The probe will contain a chip which will hold photos of Parker and his revolutionary solar wind paper, and will also carry Parker’s message to the sun, a plate inscribed with what words Parker wishes to include.
Although the sun’s outer atmosphere dips below 3.5 million degrees, no human will ever be able to make the trip. Even wearing a 5-inch coat of carbon-composite solar shields, these temperatures are too hot and the probe will have to hover from a far distance. Still this distance will be as close as NASA has ventured towards our star, and will help answer a large handful of questions we have not been able to address.
Scientists hope to gather information on what exactly creates solar flares and how the outer atmosphere is hotter than the core. This is described as the equivalent as water running uphill and has baffled the scientific community for years.

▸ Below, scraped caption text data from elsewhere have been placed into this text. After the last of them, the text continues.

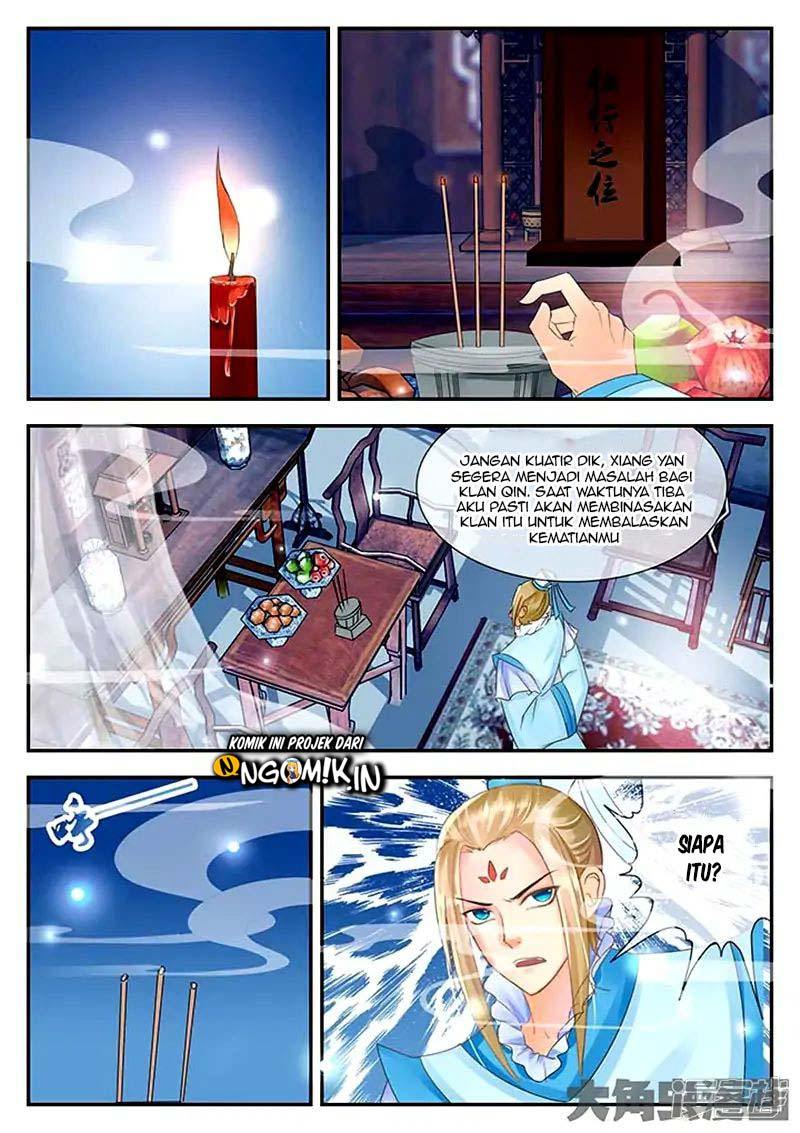 stellar-transformations - Chapter: 87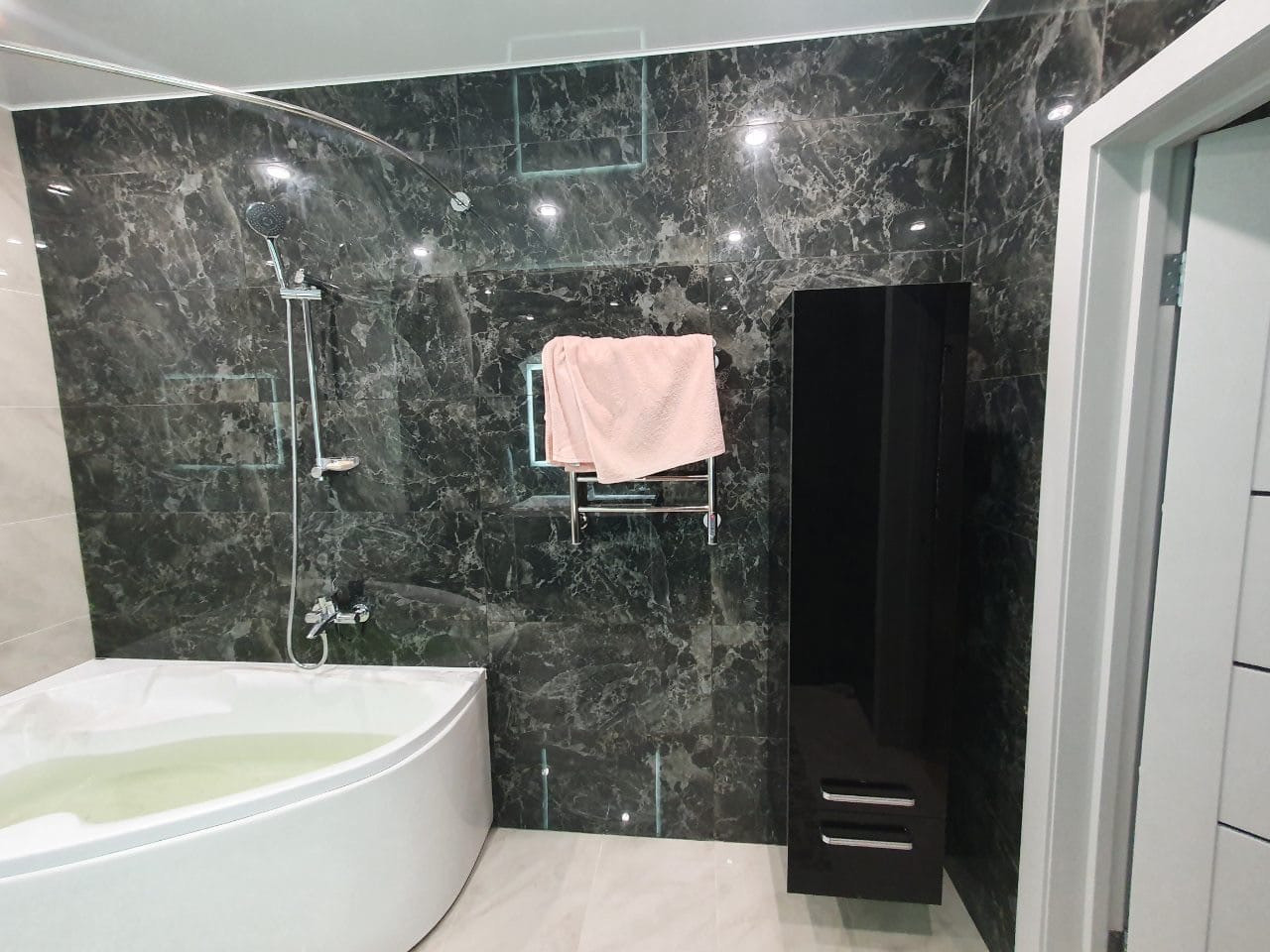 Николая Семенова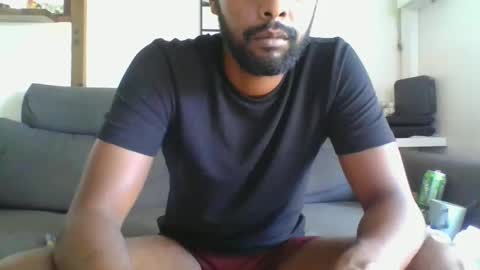 Python online show from 12/31/24, 10:37
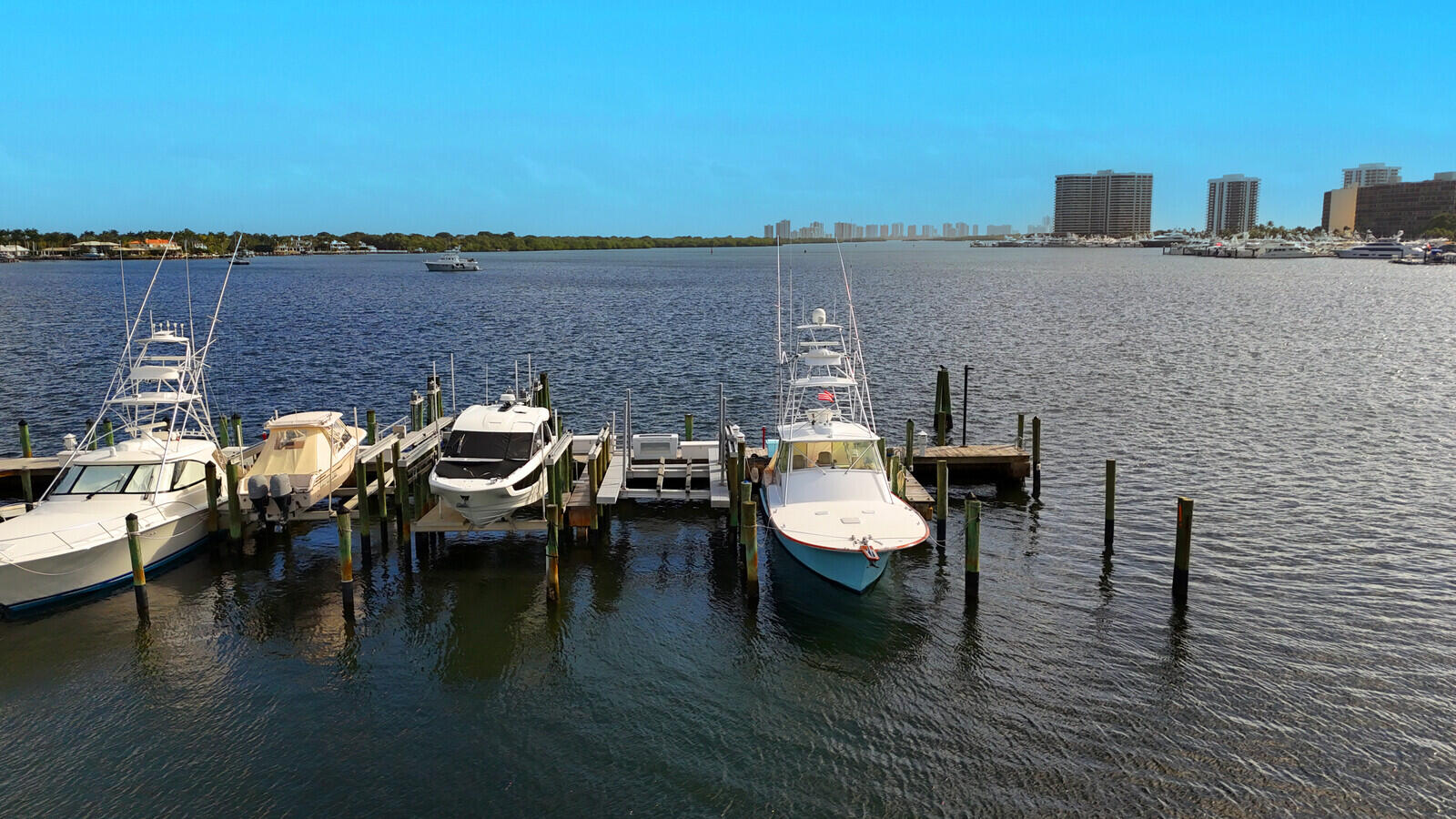 MLS #R11150169 image #63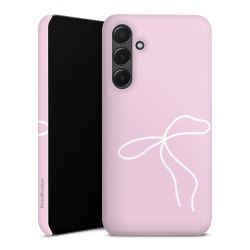 Premium Skyddskal matt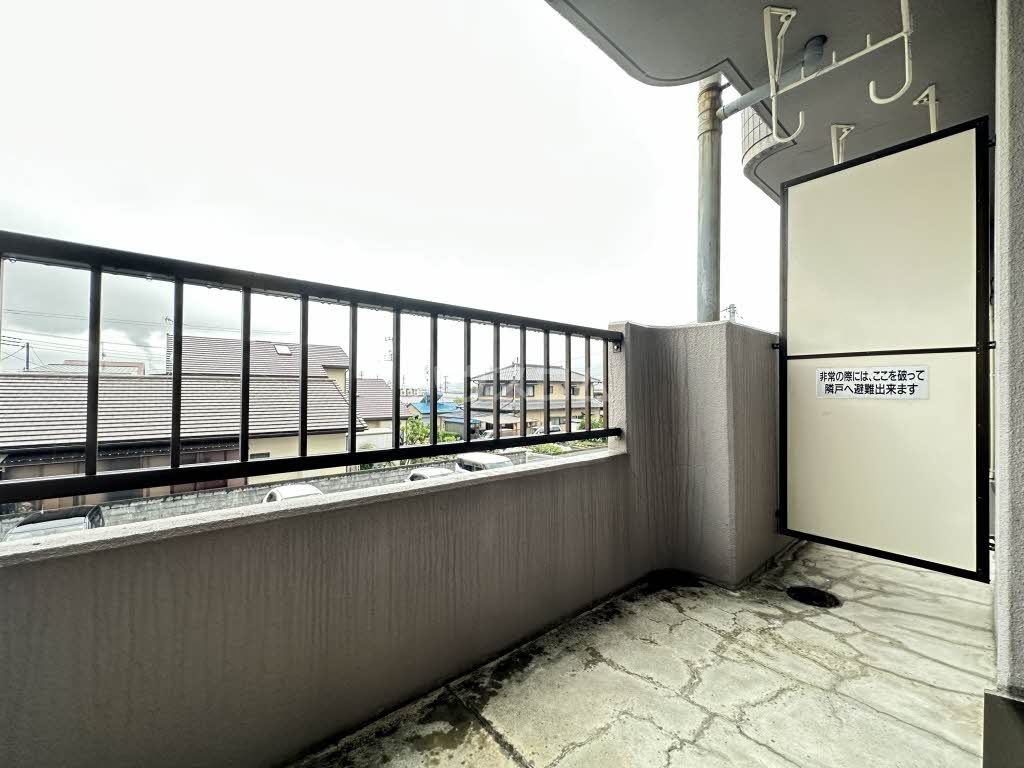 15/22 その他画像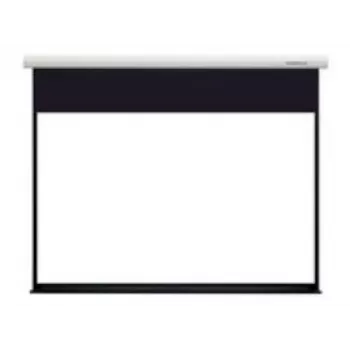 Projektionsleinwand Grandview GV101036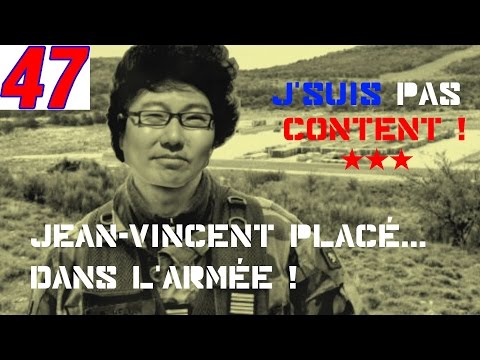 Vido de Jean-Vincent Plac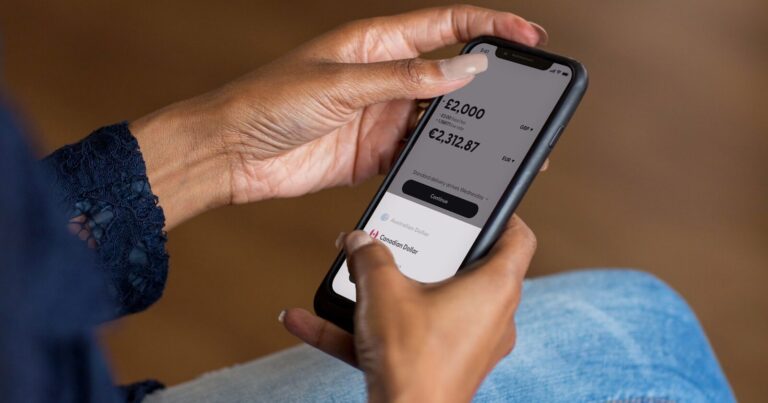 Conta digital bloqueada com saldo retido, tema da análise sobre a InfinitePay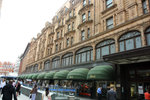 Harrods
IMG_9264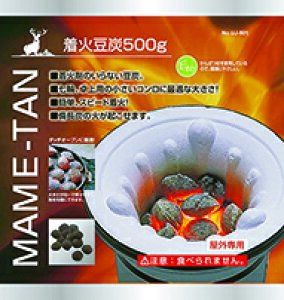 �L���v�e���X�^�b�O ���� ���Y 500g UJ-501 CAPTAIN STAG
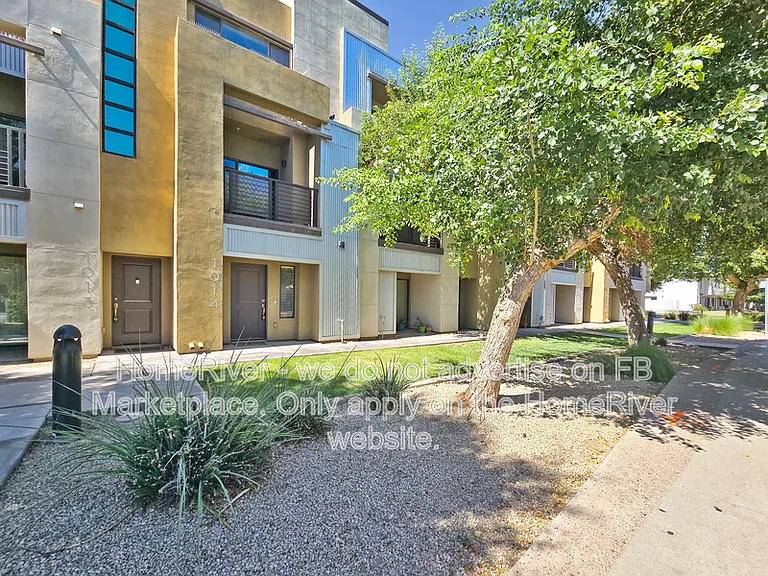 1000 W 5th St #1014 — Photo 17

Making 24 orbits around the sun and eventually flying straight into the star, at the time of impact with the sun the probe will be flying 450,000 miles per hour. Even though the probe will never actually touch the sun, we are getting 7 times closer than any previous mission.
But of course, what space exploration comes without competition. The European Space Agency has announced they also have a plan to launch a probe in October of 2018, headed straight for the sun.